7.4.15

Regime de Amor


Onde estariam os meus pensamentos se não fossem para declarar a minha total servidão ao Senhor Jesus?
A minha vida toda na Terra foi dedicada a uma causa que conheci em tenra idade, a abolição da escravatura negra. Que bom para mim ter uma causa para lutar. Ao tentar abolir o regime de servidão estava, sem o saber, servindo a uma causa maior: a causa do Cristo.
O que o Cristo nos ensina a não ser o regime do amor? O amor é que deve presidir os nossos pensamentos e as nossas ações. Deve ser o nosso primeiro e único impulso, a razão de ser da própria vida.
Ao lutar pela libertação definitiva dos negros brasileiros estava lutando pela causa do amor, a qual não permite ver nenhuma pessoa superior a outra, diferente em seus direitos.
Quando Jesus ensinou o amor na Terra tinha plena consciência da enorme distância que separava a sua pregação da realidade dos homens. Tinha tanta convicção de que não compreenderíamos a sua palavra na sua inteireza que prometeu enviar um Consolador e nos garantir que estaria ao nosso lado até o final dos dias.
Sabia Jesus, portanto, da limitação humana diante daquele conceito grandioso que era portador, pela letra e pelo seu próprio espírito. A riqueza do amor não é compreendida até hoje haja vista que muitos preferem se empanturrar de bens materiais em detrimento dos verdadeiros bens que são os de origem espiritual.
Pois bem, a escravidão era, em última análise, um ato de antiamor, ou melhor, de desamor.
Como conciliar a palavra libertadora do Cristo com o servilismo do negro?
Era tudo muito incompatível e, por esta razão, refutei em me aproximar de Jesus representado pela Igreja durante muito tempo. A reação que deveria se ver no seio da Casa do Cristo era inverso. Quando não se ouvia a crítica perante os movimentos emancipacionistas, havia o acobertamento das traições viris que se tem notícia dos abusos contra os negros.
Poucos eram os padres que se vestiam da hombridade de defender a liberdade de todos. Tinham medo de perder o apoio das suas paróquias e ficar reduzida a meia dúzia de crentes pingados. Este temor pelo vazio de suas sacristias fez com que a maioria deles renegasse a abolição da escravatura.

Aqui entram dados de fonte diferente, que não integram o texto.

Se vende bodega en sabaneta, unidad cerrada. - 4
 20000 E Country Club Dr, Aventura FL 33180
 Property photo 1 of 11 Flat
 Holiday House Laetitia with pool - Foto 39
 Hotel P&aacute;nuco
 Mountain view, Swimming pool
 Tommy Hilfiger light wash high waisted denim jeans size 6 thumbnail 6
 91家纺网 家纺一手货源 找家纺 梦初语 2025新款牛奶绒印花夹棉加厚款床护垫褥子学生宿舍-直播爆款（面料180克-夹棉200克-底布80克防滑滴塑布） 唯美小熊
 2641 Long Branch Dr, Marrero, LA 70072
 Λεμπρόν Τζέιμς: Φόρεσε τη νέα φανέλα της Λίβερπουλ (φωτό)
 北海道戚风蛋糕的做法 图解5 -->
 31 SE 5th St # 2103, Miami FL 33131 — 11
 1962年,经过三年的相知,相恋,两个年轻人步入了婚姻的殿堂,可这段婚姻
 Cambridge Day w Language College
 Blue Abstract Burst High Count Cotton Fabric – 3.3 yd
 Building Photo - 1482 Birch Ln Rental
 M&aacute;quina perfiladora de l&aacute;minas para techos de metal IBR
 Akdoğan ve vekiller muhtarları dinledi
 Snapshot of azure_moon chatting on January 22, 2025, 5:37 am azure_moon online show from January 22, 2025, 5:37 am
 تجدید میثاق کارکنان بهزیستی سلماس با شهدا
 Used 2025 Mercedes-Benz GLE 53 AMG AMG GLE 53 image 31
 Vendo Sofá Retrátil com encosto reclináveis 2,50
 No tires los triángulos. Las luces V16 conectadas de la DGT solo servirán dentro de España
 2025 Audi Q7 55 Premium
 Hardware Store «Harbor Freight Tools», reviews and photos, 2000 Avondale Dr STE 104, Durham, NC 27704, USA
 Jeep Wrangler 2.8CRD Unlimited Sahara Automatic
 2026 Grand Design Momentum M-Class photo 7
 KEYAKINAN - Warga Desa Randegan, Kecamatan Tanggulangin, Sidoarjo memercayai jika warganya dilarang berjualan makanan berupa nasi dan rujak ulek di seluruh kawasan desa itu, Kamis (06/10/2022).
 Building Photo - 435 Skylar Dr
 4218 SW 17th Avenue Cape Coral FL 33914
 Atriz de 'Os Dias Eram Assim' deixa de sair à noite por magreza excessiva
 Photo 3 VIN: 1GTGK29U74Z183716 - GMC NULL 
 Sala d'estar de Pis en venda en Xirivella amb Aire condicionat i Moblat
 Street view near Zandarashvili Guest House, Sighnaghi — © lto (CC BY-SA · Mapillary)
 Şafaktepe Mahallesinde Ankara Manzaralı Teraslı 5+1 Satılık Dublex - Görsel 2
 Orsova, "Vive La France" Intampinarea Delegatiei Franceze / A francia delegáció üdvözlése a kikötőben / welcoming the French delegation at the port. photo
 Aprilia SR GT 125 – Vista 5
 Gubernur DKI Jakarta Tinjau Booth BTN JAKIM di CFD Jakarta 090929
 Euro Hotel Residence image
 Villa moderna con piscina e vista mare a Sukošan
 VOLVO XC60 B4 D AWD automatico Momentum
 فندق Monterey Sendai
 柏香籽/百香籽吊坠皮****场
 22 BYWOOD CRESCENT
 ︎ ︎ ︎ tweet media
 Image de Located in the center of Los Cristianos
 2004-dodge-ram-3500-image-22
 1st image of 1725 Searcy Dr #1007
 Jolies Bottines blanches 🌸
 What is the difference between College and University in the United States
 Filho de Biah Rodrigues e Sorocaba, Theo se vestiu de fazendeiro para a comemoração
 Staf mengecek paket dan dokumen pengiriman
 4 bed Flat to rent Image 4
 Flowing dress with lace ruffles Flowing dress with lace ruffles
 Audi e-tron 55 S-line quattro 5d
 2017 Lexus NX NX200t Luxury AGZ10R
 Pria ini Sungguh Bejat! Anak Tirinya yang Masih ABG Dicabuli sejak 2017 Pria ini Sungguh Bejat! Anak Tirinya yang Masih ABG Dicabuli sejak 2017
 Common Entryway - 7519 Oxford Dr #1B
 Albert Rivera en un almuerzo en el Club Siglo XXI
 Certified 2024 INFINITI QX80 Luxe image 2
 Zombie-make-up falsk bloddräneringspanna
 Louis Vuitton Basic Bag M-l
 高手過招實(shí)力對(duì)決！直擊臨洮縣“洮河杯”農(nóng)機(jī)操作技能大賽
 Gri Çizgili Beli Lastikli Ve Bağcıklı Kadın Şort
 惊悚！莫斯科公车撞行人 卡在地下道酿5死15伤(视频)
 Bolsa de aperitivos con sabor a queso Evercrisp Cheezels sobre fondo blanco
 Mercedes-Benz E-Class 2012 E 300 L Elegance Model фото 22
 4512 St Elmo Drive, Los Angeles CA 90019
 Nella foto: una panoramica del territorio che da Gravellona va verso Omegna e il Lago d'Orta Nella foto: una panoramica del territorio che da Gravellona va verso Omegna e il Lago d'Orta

Hoje entendo o contexto em que eles estavam inseridos, o que não quer dizer que aceito, ou que eles estavam certos. O fato é que Jesus teria tido, como teve na sua época, outra postura diante dos poderosos de então.
É certo que a escravidão se faz hoje de outro modo, mas a maneira cruel, desrespeitosa, sanguinolenta, como eram tratados os nossos irmãos de cor negra nos idos dos séculos 17 a 19 eram terríveis à condição humana.
Posso vê-los, sem dúvida alguma, a copiar o sofrimento do Cristo nos seus últimos momentos entre nós.
Muitos foram julgados arbitrariamente. Foram surrados em lugar público. Suas vestes rasgadas. Seu destino traçado. Sua morte executada com requintes de crueldade e frieza.
Quantos negros no pelourinho não repetiram a mesma cena dantesca que foi a crucificação do Nazareno?
Os algozes do Cristo eram as hostes romanas com sua potência fenomenal. Os algozes dos negros eram os seus senhores com sua ferocidade incondicional.
Uns e outros conspiravam para o bem da sua gente. Um, defendia a humanidade. Outros, defendiam a sua humanidade.
O Cristo ficou na cruz para muitos. Os negros, ainda hoje, permancem, a maioria, condenados a carregarem a sua cruz em vida.
Chamavam a Jesus de marginal. Chamavam os negros de animal.
A escravidão fugiu dos nossos olhos como lei em 1888. Seus rastros de injustiça podem ser vistos até hoje no quadro de desigualdade que se alimenta a nossa socidade.
Prejuízos, tivemos demais. Uma mácula sem volta. É hora, porém, de desarmar espíritos na construção da jornada nova. A esperança novamente se faz nos corações dos brasileiros, temporariamente roubada pelos incidentes recentes na nossa economia e política, mas tudo isso há de passar.
Aos brasileiros, peço perdão. Perdão por não ter conseguido antes a paralisia do regime de fel que se fez presente neste nosso imenso Brasil. Como se diz que tudo tem a sua hora, pode ser que o momento aprazado para extinguir a servidão negra tenha sido aquele mesmo pelo conjunto de forças da época.
Cristo se fez livre do madeiro depois da morte. Nós haveremos de segui-Lo em espírito e verdade.
Façamos já a nossa parte para que santa seja sempre a nossa vida.